Task objective —
Below is a listing to copy exactly; no image goes into the copy.

Dataset section —
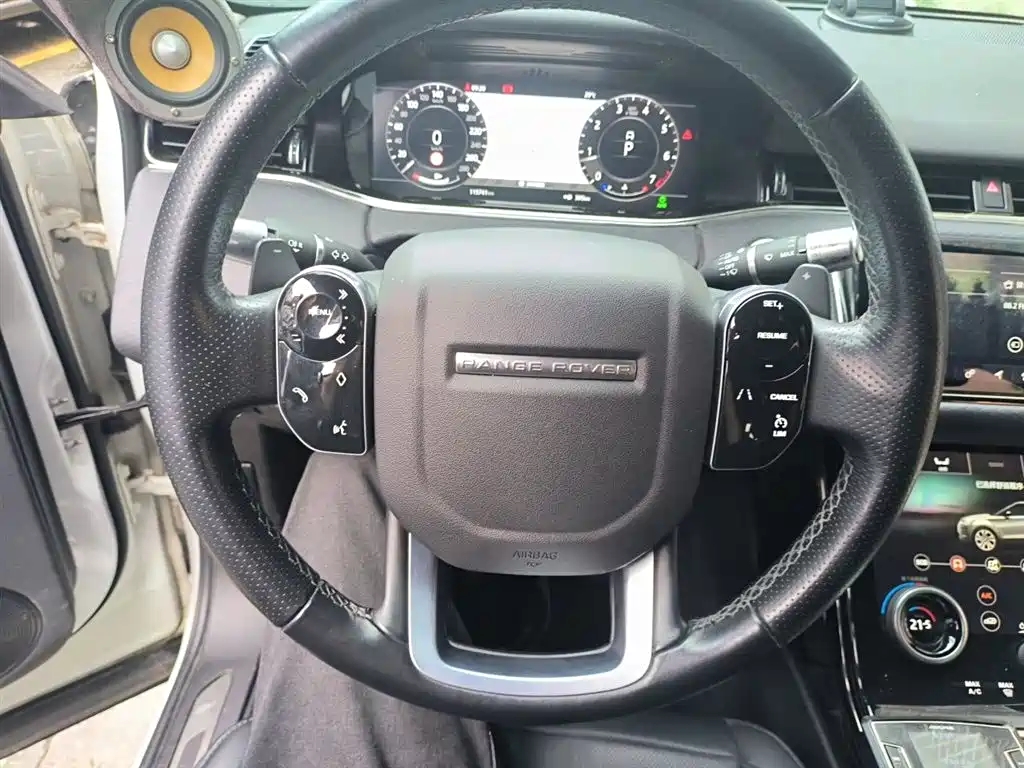 Land Rover Evoque 2020 — фото 11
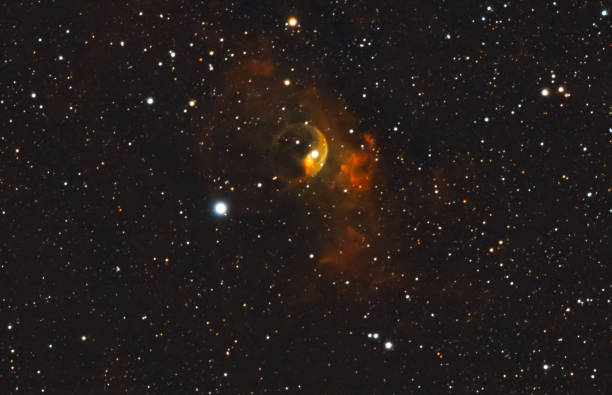 la nébuleuse de la bulle, aussi connue sous le nom de ngc 7653 - 7653 photos et images de collection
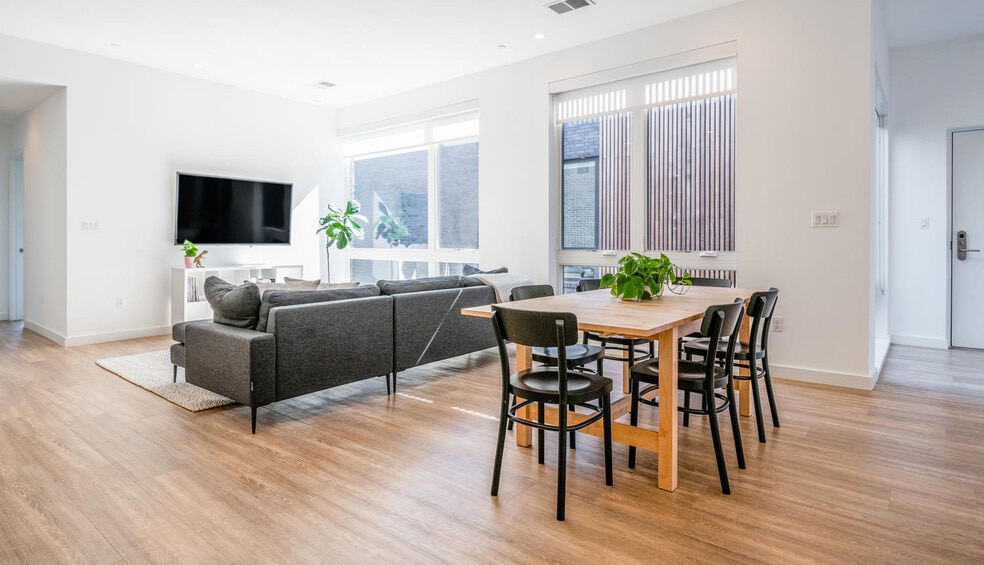 Building Photo - OSLOatlas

Response to this exercise —
 Land Rover Evoque 2020 — фото 11
 la nébuleuse de la bulle, aussi connue sous le nom de ngc 7653 - 7653 photos et images de collection
 Building Photo - OSLOatlas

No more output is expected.